* **PROBLEM**
Reproduce exactly, and only, the lines below from the one containing "Men's big brim" through the one containing "Hitachi Projector CP-X955E User manual".

(Dataset records)
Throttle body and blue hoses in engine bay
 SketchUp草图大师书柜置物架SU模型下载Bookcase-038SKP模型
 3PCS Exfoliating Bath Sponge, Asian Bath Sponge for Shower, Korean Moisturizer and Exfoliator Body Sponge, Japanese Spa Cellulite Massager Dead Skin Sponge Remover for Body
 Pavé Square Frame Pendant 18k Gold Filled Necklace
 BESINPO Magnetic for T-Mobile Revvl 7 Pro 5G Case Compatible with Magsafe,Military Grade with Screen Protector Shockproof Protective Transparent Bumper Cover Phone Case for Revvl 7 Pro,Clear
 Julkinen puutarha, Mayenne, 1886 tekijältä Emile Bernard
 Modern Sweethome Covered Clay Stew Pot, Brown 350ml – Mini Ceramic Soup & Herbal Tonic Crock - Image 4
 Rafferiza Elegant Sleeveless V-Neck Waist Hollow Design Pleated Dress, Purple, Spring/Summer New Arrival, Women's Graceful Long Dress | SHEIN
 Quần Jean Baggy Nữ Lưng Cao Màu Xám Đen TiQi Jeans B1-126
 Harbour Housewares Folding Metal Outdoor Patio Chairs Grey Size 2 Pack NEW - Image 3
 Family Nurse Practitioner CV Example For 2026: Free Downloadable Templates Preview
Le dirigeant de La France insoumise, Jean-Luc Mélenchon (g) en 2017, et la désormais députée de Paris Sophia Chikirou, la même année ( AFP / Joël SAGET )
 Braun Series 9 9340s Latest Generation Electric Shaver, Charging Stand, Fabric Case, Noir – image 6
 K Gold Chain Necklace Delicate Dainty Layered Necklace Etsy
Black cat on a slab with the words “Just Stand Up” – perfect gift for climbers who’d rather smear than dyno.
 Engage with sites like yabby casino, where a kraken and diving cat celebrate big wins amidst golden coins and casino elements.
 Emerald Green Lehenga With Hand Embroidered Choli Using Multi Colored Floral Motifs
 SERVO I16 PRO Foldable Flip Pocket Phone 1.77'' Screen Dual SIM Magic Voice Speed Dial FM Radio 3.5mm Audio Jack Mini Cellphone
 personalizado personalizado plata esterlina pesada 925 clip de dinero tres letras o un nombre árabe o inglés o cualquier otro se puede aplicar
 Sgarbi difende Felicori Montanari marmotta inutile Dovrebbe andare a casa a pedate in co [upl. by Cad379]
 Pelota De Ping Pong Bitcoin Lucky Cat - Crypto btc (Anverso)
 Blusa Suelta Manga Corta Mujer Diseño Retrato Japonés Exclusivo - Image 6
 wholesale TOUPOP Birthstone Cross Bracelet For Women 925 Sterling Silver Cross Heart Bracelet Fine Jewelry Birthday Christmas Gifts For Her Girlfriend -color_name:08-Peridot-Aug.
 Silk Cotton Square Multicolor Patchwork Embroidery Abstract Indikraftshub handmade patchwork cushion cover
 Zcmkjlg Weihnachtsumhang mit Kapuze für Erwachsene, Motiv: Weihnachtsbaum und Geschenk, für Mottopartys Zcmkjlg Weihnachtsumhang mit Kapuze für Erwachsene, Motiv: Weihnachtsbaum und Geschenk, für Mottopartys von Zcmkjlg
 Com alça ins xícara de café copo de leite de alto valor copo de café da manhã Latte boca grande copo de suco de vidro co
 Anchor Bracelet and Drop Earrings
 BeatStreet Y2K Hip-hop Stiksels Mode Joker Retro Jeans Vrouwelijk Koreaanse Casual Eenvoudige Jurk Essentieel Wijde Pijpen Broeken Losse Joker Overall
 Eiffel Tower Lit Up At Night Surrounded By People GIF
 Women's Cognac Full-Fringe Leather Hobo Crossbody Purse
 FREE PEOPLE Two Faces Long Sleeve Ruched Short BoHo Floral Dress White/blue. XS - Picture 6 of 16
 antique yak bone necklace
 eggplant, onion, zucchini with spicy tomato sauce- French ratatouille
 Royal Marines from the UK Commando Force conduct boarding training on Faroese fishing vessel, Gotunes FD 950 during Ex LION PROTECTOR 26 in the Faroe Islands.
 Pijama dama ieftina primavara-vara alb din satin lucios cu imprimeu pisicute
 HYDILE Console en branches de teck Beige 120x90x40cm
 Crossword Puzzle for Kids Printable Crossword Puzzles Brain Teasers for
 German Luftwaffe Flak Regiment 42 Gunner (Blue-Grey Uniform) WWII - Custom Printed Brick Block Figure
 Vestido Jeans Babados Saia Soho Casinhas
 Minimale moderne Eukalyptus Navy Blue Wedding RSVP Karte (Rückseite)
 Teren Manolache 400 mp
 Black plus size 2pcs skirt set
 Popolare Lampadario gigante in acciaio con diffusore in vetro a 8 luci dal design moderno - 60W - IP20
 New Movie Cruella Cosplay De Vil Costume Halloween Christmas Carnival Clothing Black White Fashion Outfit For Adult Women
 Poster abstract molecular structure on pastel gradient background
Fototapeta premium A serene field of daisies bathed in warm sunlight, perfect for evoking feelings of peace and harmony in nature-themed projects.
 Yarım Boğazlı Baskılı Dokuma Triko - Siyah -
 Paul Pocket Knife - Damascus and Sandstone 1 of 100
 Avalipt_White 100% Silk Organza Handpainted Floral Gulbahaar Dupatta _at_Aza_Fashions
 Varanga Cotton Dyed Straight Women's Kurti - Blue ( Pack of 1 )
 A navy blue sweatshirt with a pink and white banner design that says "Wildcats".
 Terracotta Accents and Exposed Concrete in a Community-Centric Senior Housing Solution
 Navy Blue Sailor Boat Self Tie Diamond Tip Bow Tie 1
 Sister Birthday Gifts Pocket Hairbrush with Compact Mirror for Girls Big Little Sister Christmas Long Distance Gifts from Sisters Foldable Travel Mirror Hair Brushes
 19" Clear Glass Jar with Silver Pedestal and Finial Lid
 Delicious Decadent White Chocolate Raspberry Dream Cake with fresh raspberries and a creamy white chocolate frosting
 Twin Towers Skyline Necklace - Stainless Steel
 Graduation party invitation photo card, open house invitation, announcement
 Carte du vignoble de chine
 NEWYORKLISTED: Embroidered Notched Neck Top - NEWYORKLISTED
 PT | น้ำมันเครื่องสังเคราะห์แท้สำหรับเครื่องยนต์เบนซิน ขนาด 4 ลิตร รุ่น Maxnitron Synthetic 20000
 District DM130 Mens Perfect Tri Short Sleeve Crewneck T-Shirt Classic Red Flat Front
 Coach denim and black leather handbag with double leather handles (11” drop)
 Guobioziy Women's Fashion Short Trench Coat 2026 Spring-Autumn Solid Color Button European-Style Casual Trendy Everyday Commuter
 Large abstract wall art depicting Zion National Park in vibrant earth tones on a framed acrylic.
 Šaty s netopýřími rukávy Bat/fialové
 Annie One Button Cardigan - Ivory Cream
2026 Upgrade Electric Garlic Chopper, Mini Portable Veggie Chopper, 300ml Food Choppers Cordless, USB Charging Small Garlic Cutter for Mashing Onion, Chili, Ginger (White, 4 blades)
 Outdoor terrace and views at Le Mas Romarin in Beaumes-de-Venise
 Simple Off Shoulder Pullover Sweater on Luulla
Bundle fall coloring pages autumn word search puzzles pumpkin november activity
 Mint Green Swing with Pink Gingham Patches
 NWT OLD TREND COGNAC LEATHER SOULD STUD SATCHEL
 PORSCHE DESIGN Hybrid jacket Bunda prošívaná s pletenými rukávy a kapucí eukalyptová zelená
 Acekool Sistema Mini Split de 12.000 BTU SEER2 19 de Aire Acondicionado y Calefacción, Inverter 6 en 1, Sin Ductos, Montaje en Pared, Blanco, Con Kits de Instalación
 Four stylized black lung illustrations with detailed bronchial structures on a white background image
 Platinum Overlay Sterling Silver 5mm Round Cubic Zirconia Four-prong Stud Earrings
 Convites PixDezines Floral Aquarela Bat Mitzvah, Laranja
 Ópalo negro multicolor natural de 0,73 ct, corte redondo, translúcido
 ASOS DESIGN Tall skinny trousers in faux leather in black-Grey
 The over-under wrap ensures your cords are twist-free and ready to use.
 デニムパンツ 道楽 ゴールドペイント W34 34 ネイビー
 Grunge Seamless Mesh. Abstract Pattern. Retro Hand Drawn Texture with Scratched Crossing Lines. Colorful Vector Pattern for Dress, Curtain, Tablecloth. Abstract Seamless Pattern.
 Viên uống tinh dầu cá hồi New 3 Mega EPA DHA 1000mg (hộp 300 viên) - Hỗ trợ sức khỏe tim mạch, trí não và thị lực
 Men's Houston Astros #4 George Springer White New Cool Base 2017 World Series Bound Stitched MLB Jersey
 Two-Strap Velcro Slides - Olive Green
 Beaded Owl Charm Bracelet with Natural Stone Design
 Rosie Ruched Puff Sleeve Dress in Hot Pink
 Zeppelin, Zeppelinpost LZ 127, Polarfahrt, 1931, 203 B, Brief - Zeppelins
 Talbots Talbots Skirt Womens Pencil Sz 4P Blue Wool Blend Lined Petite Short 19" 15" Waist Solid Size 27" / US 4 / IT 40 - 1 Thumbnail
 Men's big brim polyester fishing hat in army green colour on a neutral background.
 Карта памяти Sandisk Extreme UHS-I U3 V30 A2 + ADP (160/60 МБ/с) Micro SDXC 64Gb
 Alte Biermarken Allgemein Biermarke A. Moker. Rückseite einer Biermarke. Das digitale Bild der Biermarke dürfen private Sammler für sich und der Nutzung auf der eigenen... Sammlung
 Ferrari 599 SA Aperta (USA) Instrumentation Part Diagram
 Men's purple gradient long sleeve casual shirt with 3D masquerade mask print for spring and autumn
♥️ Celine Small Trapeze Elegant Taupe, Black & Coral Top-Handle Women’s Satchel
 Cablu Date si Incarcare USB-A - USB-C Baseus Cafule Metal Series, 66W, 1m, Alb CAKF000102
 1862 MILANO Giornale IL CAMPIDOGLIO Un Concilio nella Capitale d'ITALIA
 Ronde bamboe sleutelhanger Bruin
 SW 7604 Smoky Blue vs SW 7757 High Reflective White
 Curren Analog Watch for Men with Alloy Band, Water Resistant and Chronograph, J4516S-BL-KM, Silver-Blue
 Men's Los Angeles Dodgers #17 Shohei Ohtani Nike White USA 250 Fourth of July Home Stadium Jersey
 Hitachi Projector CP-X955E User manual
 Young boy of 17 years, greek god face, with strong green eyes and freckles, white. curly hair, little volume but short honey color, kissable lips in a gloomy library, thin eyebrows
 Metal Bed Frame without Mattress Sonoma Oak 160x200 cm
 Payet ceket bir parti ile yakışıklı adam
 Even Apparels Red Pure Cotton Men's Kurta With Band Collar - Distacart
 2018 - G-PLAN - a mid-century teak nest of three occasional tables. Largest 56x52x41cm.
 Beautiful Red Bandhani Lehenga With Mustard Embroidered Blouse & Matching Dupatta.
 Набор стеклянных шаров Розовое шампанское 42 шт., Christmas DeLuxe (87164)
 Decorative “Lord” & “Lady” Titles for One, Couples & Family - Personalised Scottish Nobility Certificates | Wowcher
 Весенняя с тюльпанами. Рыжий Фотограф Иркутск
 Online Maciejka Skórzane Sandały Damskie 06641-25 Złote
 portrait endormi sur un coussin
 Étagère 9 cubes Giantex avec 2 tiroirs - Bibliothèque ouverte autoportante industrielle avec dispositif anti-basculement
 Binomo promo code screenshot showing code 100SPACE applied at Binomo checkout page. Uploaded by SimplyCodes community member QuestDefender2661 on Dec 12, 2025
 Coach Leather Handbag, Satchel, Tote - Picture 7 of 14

* **ANSWER**
 Men's big brim polyester fishing hat in army green colour on a neutral background.
 Карта памяти Sandisk Extreme UHS-I U3 V30 A2 + ADP (160/60 МБ/с) Micro SDXC 64Gb
 Alte Biermarken Allgemein Biermarke A. Moker. Rückseite einer Biermarke. Das digitale Bild der Biermarke dürfen private Sammler für sich und der Nutzung auf der eigenen... Sammlung
 Ferrari 599 SA Aperta (USA) Instrumentation Part Diagram
 Men's purple gradient long sleeve casual shirt with 3D masquerade mask print for spring and autumn
♥️ Celine Small Trapeze Elegant Taupe, Black & Coral Top-Handle Women’s Satchel
 Cablu Date si Incarcare USB-A - USB-C Baseus Cafule Metal Series, 66W, 1m, Alb CAKF000102
 1862 MILANO Giornale IL CAMPIDOGLIO Un Concilio nella Capitale d'ITALIA
 Ronde bamboe sleutelhanger Bruin
 SW 7604 Smoky Blue vs SW 7757 High Reflective White
 Curren Analog Watch for Men with Alloy Band, Water Resistant and Chronograph, J4516S-BL-KM, Silver-Blue
 Men's Los Angeles Dodgers #17 Shohei Ohtani Nike White USA 250 Fourth of July Home Stadium Jersey
 Hitachi Projector CP-X955E User manual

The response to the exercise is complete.